Irsinns Hallenbad-Foto und überaus lesenswerter Reisebericht, wenn ich auch mal förmlich loben darf.
"Mindestens Mutanten oder gar nichts." könntest du an RTL als Slogan für ihre Casting-Shows verkaufen.
/mkh: Man bewegt sich in jener Gegend tatsächlich nicht leichtfüßig. Umso besser, wenn es gelungen sein sollte, das bleierne Gefühl anzudeuten.
/Zap: Zwischenzeitlich beschlich mich der Gedanke, dass es sich um ein düsteres adventure game gehandelt hat. Aber das hektische Ticken des Geigerzählers, als Maxim das Gerät über eine bestimmte moosbewachsene Stelle im aufgerissenen Asphalt des traurigen Vergnüguungsparks gehalten hat, war allzu real - und wird es für die nächsten paar Millionen Jährchen bleiben. Vielleicht ist das ganze Dasein ein düsteres adventure game. Anyway, keep on playing.
/MudShark: Innerhalb der Gebäude, die zur Besichtigung vorgesehen sind, darf man sich frei bewegen, und mich hätte es nicht überrascht, wenn während der Erkundung hinter irgendwelchen Ecken - frei nach Doom - schwerstbewaffnete Mutanten gelauert hätten.
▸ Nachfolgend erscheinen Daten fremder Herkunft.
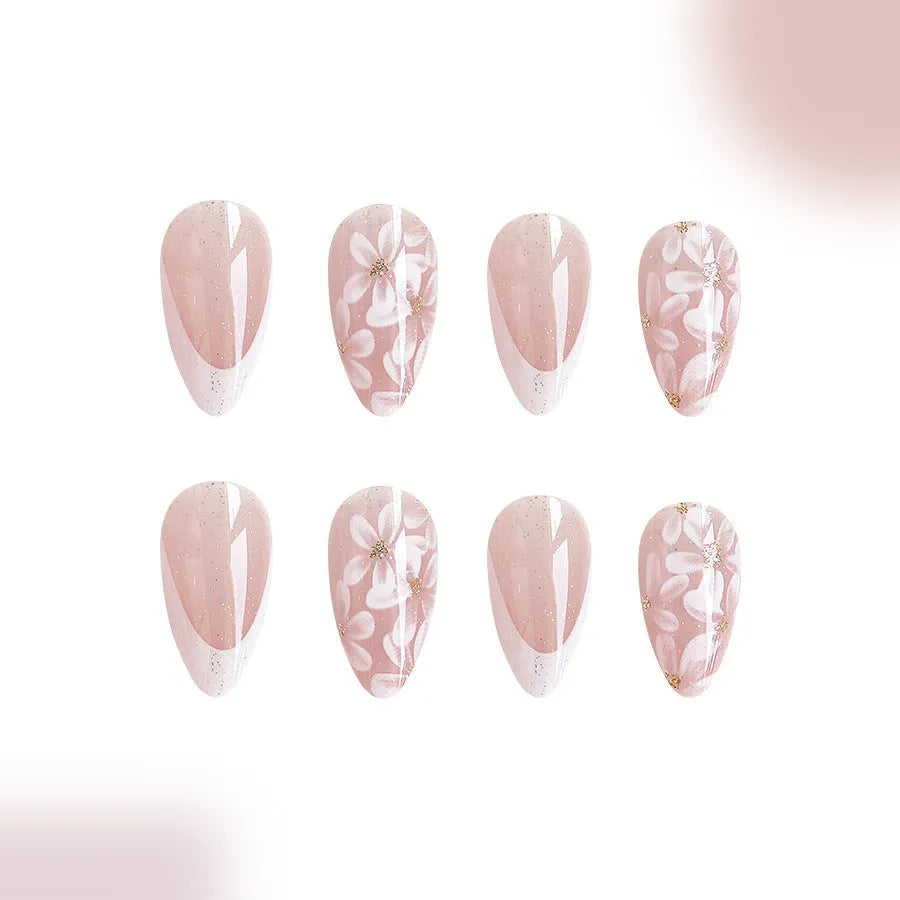 Short almond shaped false nails with French style gloss and glittering powder flower accents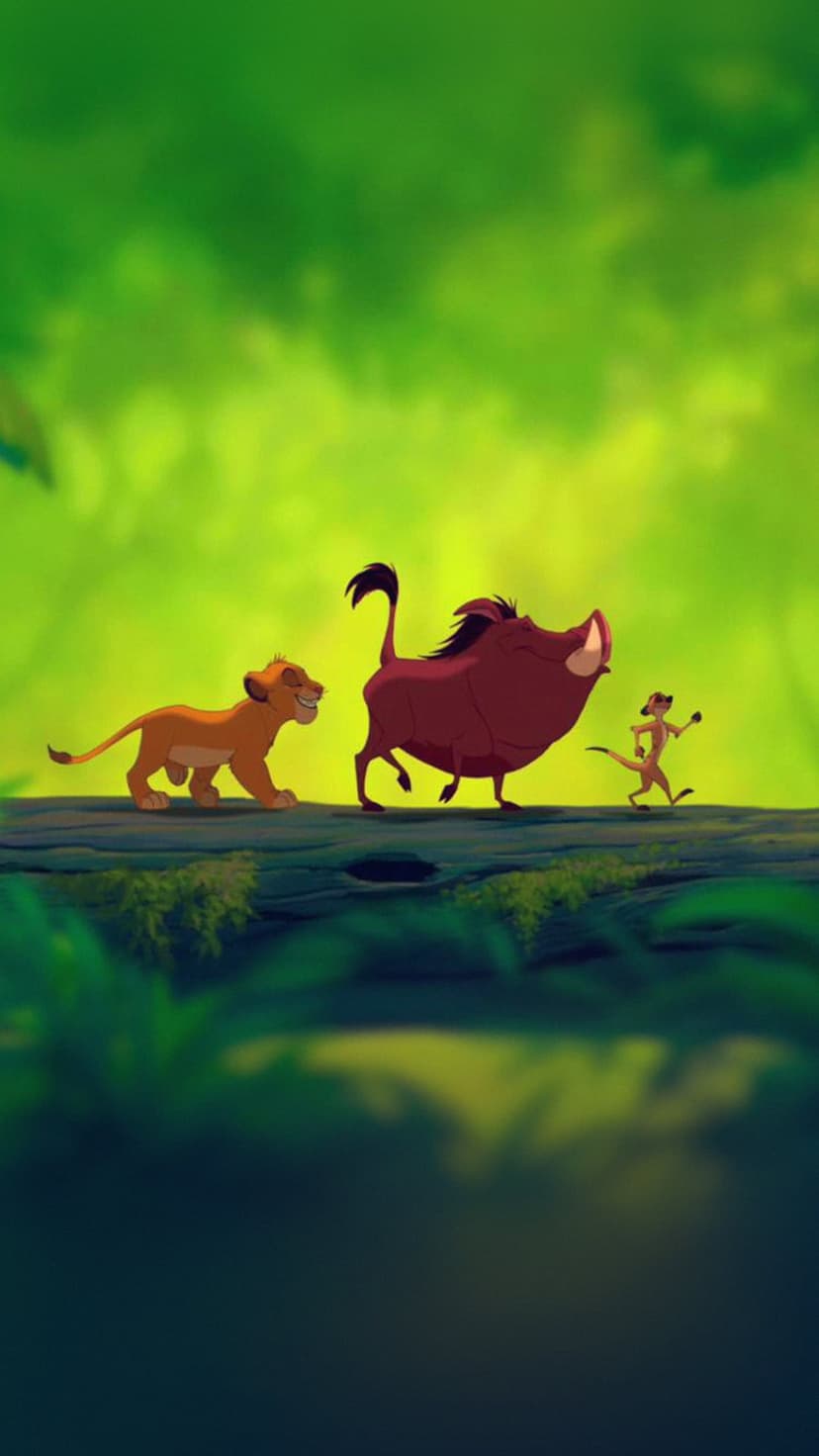 Simba, Timon, and Pumbaa walk across a fallen log in a sunlit jungle with lush green leaves and tropical plants.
Aber in dieser Hinsicht wurde bereits das amerikanische TV-Team enttäuscht.
/Herr MiM: Um die Natur müssen wir uns, selbst im Fall eines globalen Atomkriegs und der Zündung sämtlicher nuklearer Sprengköpfe, keine Sorgen machen. Sie wird sich einen verseuchten Kehricht um menschliche Befindlichkeiten kümmern und beharrlich fortbestehen, solange in den Tiefen irgendeines Ozeans ein Mikroorganismus überlebt. Das war die gute Nachricht.
/c.s.: Die Negative wurden damals, unter dem Einfluss von atmosphärischer Strahlung, leider stark beschädigt. Beim nächsten Ausflug in die Galaxie verwende ich Digitalfotografie, versprochen.
/Andie: Wie jede andere Lebensform, ist der Mensch nur sich selbst wichtig. Wir können problemlos ohne die tausenden von Arten, die wir bereits ausgerottet haben, weiter existieren. Umgekehrt wäre es genauso.
/100 Goldfischli: In diesem Fall hätte ich sofort versucht, einen Kontakt zum erwähnten amerikanischen TV-Team herzustellen.
/queen of maybe: In weitaus selteneren Fällen sind es die größten Katastrophen, die uns geringste Kleinigkeiten begreifen lassen.
/Ole: Deine Auftritte fehlen dem Zirkus. (Aber du hast recht, es gibt soviele andere Bühnen, Logen und Balkone.) Anyway, keep on playing. (Und schön, wieder von dir zu lesen!)
/Frau H.: Bestimmt hat sich die Katze mit wichtigeren Dingen als der Vergangenheit beschäftigt. Das vermutete Fehlen von Vergangenheit und Zukunft zählt überhaupt zu den merkwürdigsten Faszinationen, die von der Tierwelt ausgehen. Während wir Menschen gefüllte Vakui aneinanderreihen, stehen Inhalte und Daseinszweck für die Viecher bedingungslos fest. Welches Übel ist nun größer?
/Burnstl: 1A Idee! Da steckt weiteres Potenzial drin, z.B. "Maximalmutanten" oder "Mutantenparade" etc. Wer die Idee zuerst an die Privatverdummung verkloppt, zahlt eine Runde Schnaps.
Hat man eine Wahl?
Was ist denn das für eine Frage. Man hat immer eine Wahl.
Also haben Sie entschieden, ein Menschlein sein zu wollen, statt eines Vögleins? Respekt!